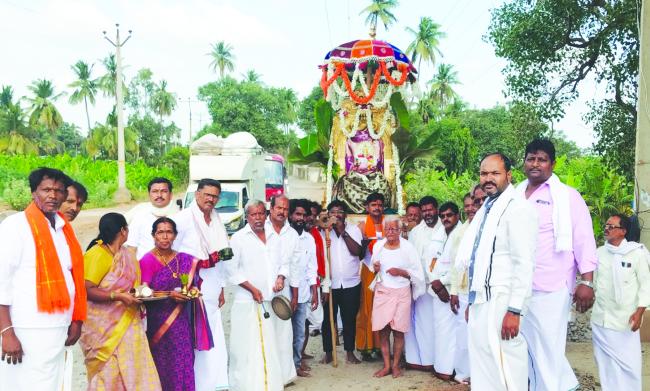 ಶ್ರಾವಣ ಮಾಸದ ನೂಲು ಹುಣ್ಣಿಮೆ: ನಿಮಿಷಾಂಬ ದೇವಿ ಗಂಗೇಸ್ಥಳದ ಮೆರವಣಿಗೆ  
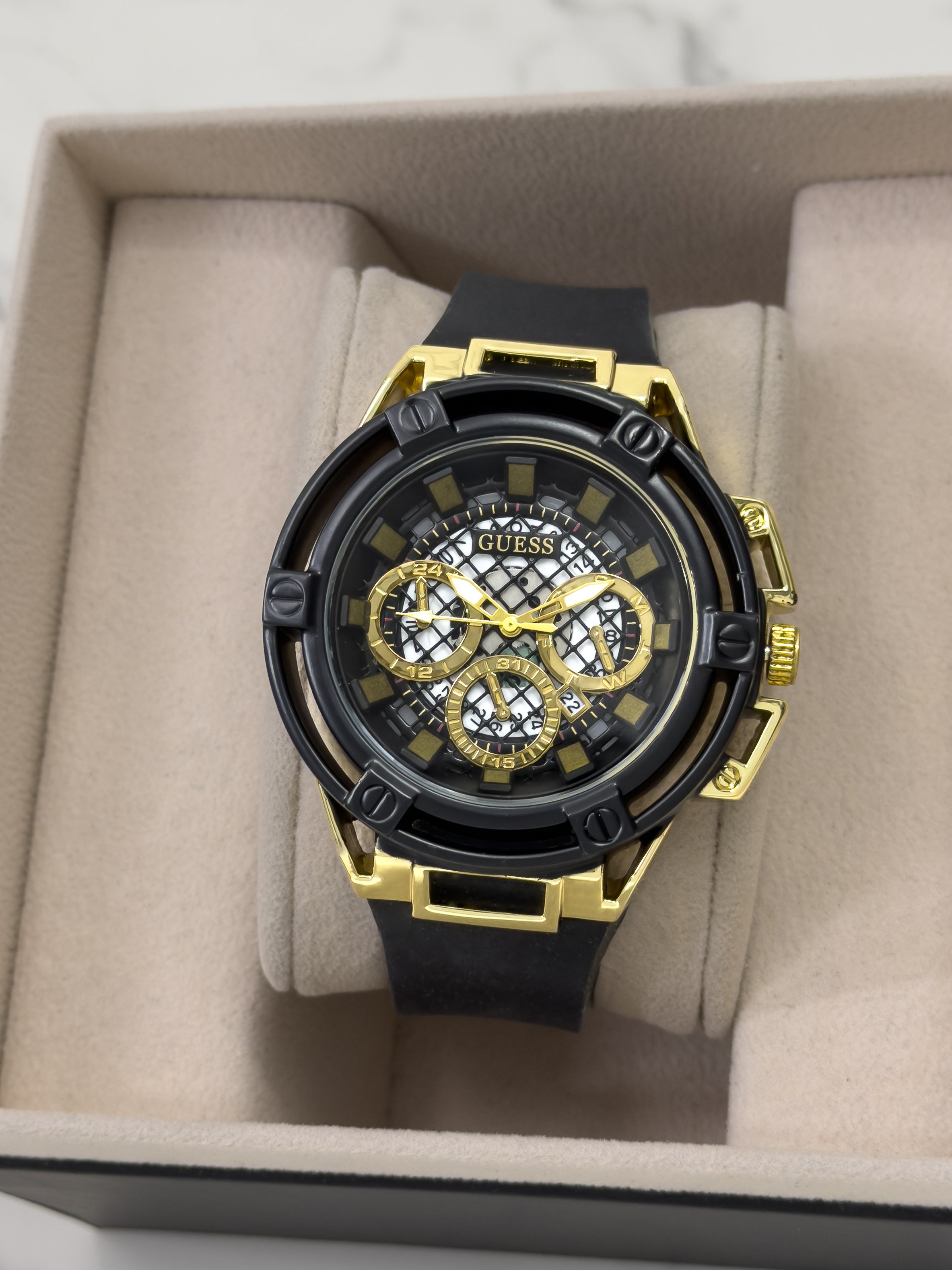 Reloj Deportivo Legacy Bold Sport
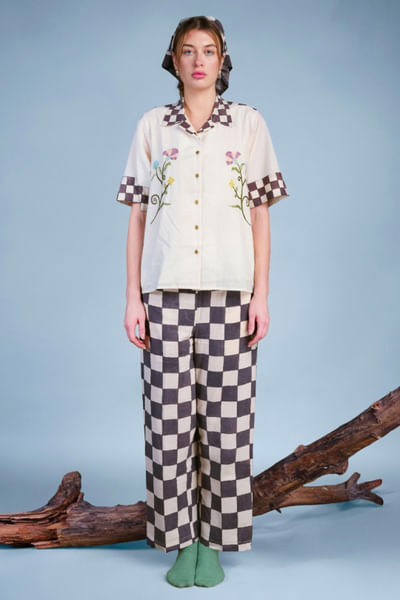 Black and white checks hand-painted trousers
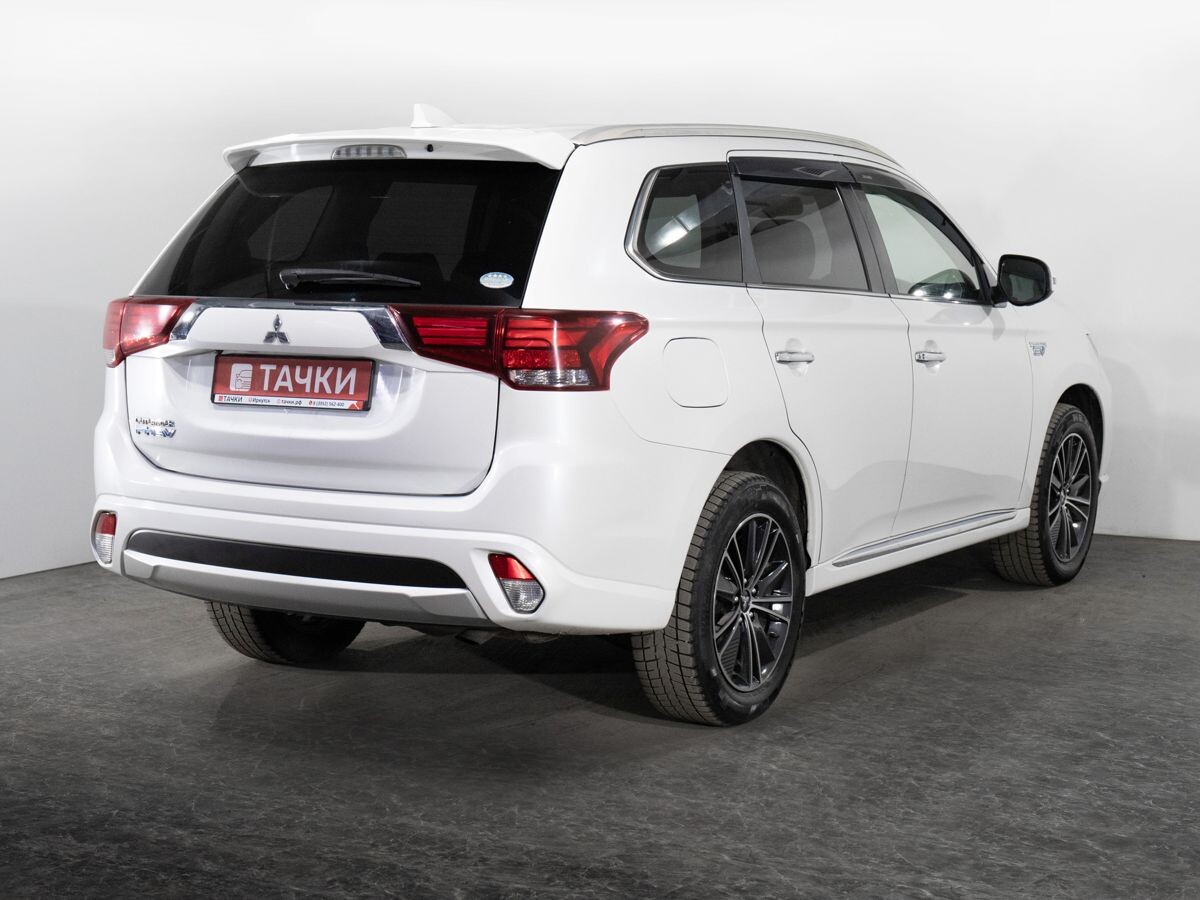 Mitsubishi Outlander 2016 - фото автомобиля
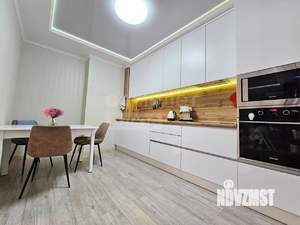 2-к квартира, вторичка, 66м2, 11/17 этаж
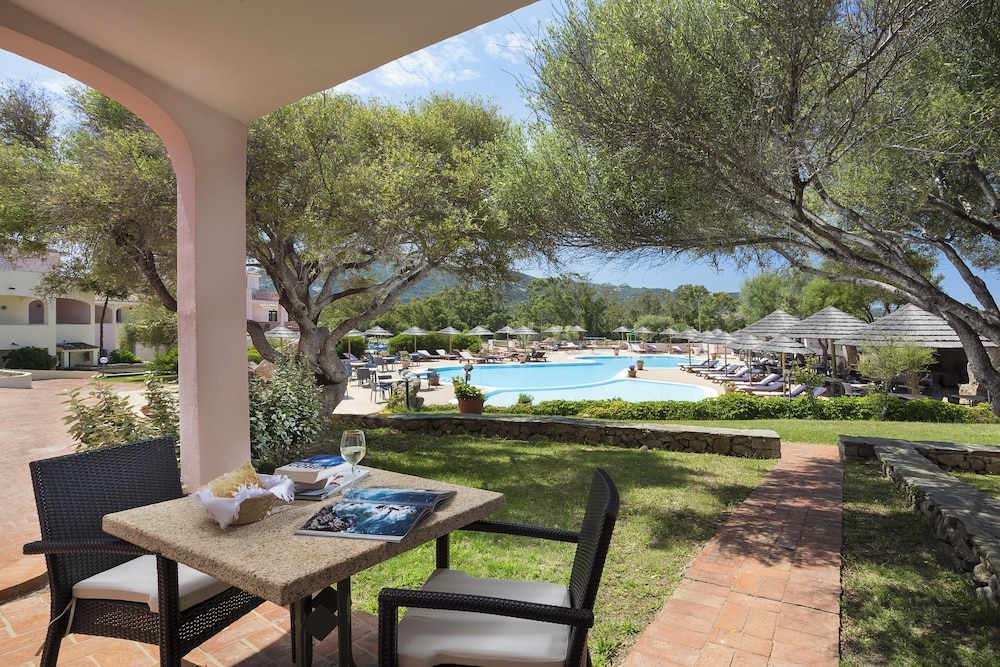 Hotel with swimming pool near Baja Sardinia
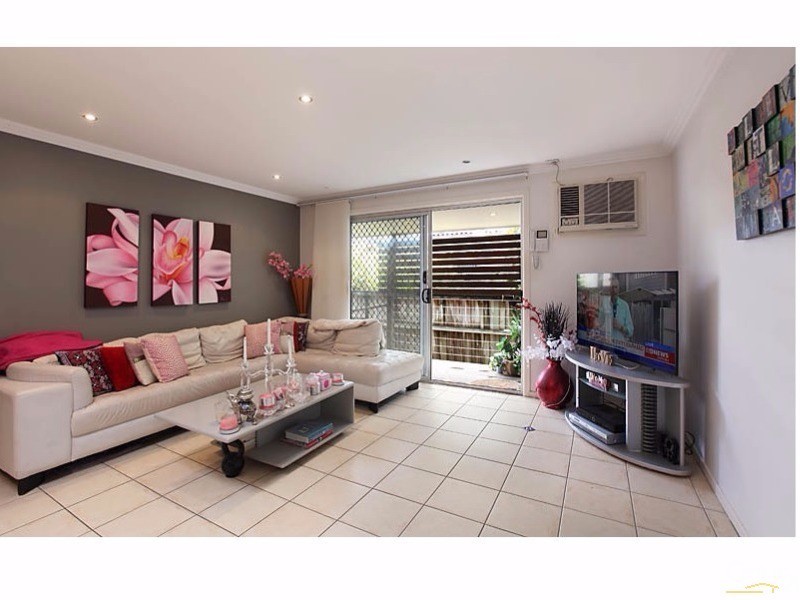 20b Raymond Avenue, Bundall QLD 4217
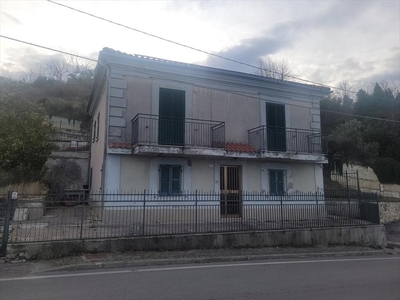 Casa indipendente Strada per Popoli Rione Femminella quadrilocale 140mq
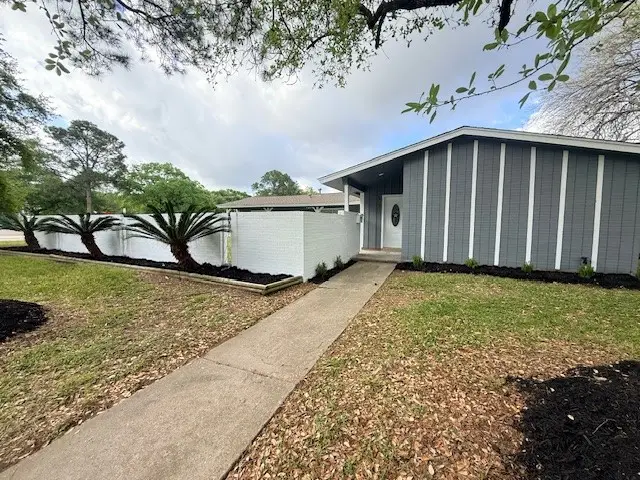 3426 Valley Brook Drive, La Porte, TX 77571 - #3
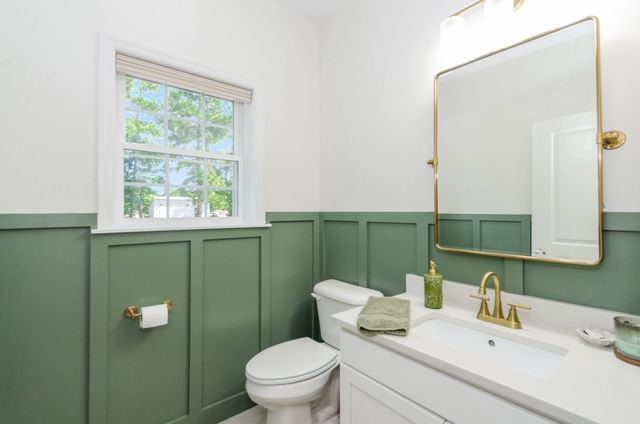 136 Minot Ave B, Wareham, MA 02538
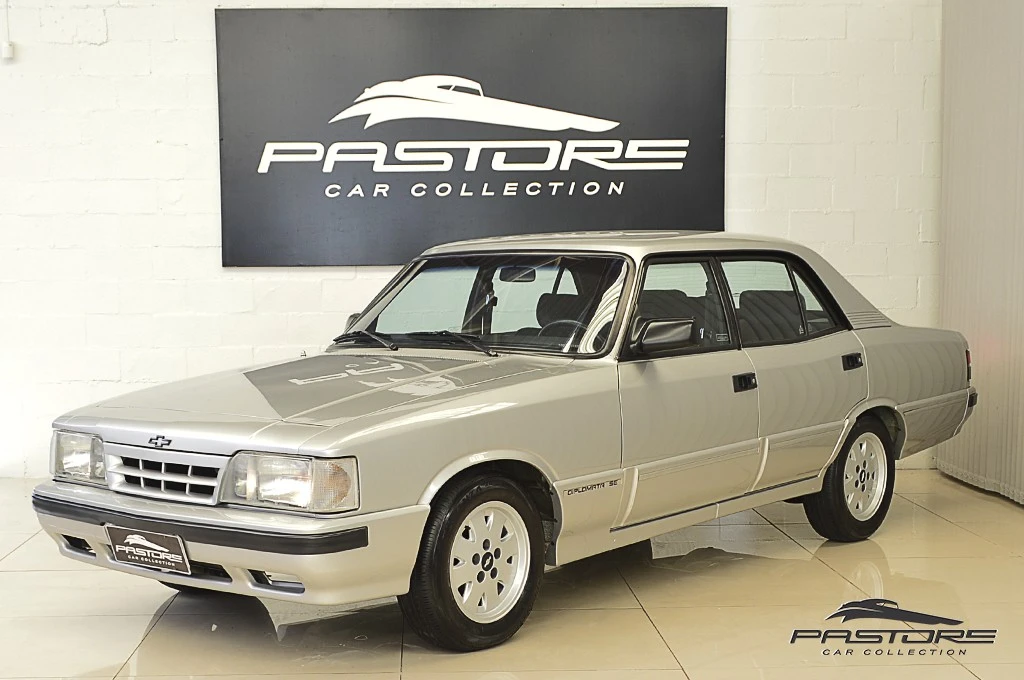 GM Opala Diplomata SE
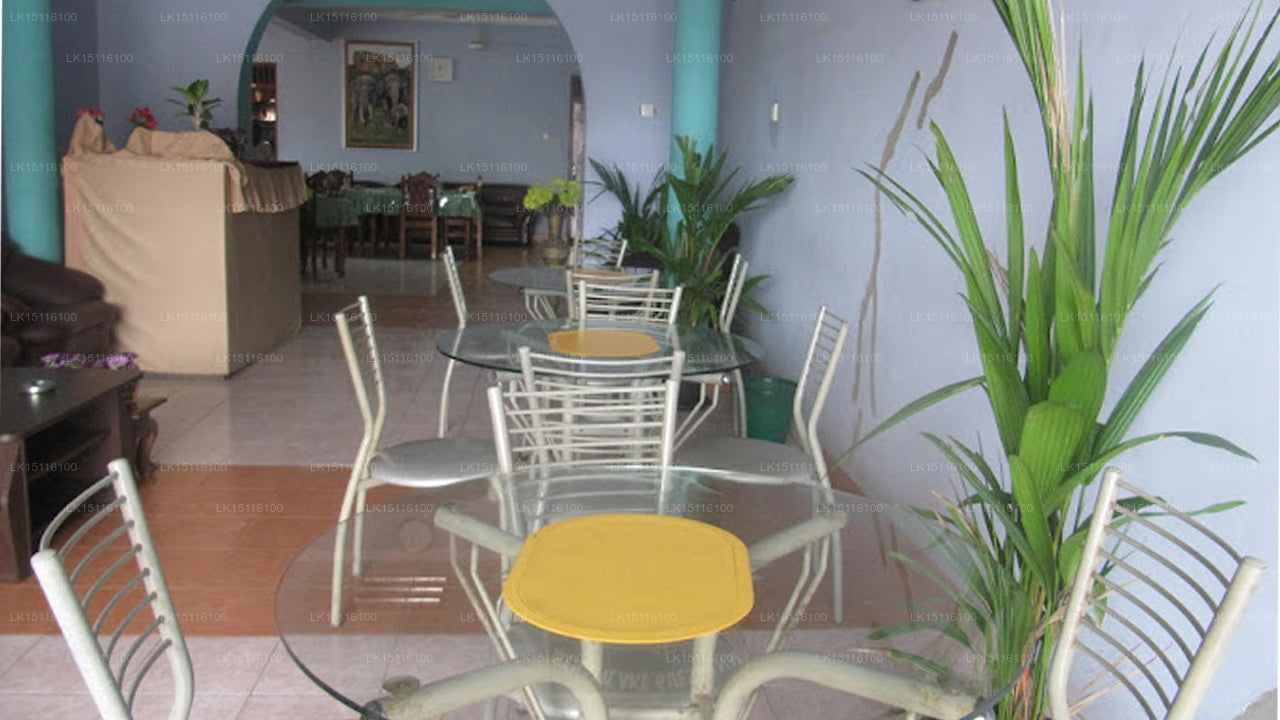 Senathilaka Guest Inn &amp; Restaurant, Puttalam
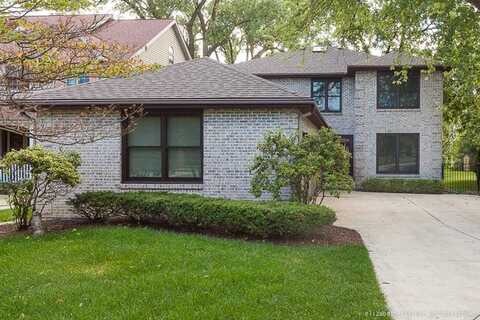 223 Woodstock Avenue, Clarendon Hills, IL 60514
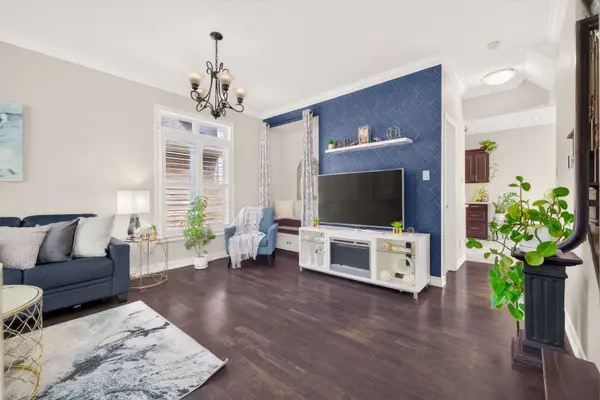 620 Munich CIR, Waterloo, ON N2V 2L6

> WHAT NEEDS TO BE DONE
In the records above, find the line containing "Casa indipendente Strada" and restate it and every line after it word for word, all pictures excluded.

> ANSWER SPACE
 Casa indipendente Strada per Popoli Rione Femminella quadrilocale 140mq
 3426 Valley Brook Drive, La Porte, TX 77571 - #3
 136 Minot Ave B, Wareham, MA 02538
 GM Opala Diplomata SE
 Senathilaka Guest Inn &amp; Restaurant, Puttalam
 223 Woodstock Avenue, Clarendon Hills, IL 60514
 620 Munich CIR, Waterloo, ON N2V 2L6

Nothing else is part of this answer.